The cricketers were awarded for their strong display in the 1998 Blind Cricket World Cup:

(A) Best Batsmen

| B2 (Partially blind) | Rury Field (South Africa) | 935 runs inclusive of 5 unbeaten centuries |

(A) Best Player

| B3 (Partially sighted) | Scott Field (South Africa) | Over 750 runs, 5 centuries, 3 wickets |

(B) Players of the series

Rury Field and Scott Field (More than 1700 runs)

(D) Winners Trophy was presented to South Africa Blind cricket team.

The team performed well in the 2nd edition of the 2002 Blind Cricket World Cup.
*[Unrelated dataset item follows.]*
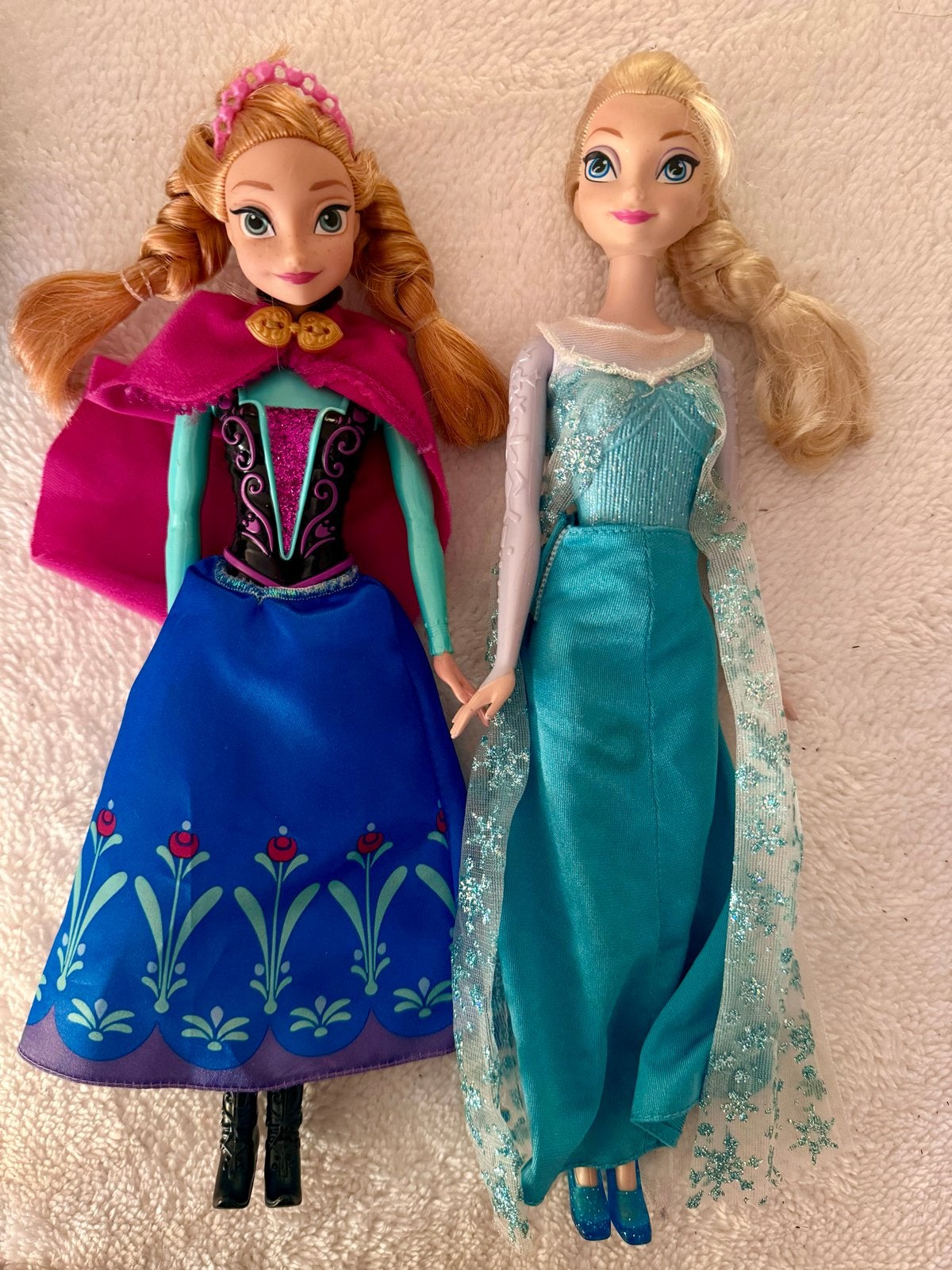 Disney Frozen Anna en Elsa poppen, Ophalen of Verzenden, Zo goed als nieuw, Overige typen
They eventually lost to Pakistan in the finals.

== International Test Match History ==
South Africa and Pakistan played in the inaugural Blind cricket test match in 2000 when Pakistan recorded a 94 run victory.

== World Cup Tournament History ==

=== Blind 40 Over World Cup ===
1. 1998 Blind Cricket World Cup - Champions
2. 2002 Blind Cricket World Cup - Runners up
3. 2006 Blind Cricket World Cup - Group stage
4. 2014 Blind Cricket World Cup - Group stage

=== Blind T20 World Cup ===
1. 2012 Blind World T20 - Groupstage
2. 2017 Blind World T20 - Groupstage
3. 2022 Blind World T20 - semi-finals (vs India)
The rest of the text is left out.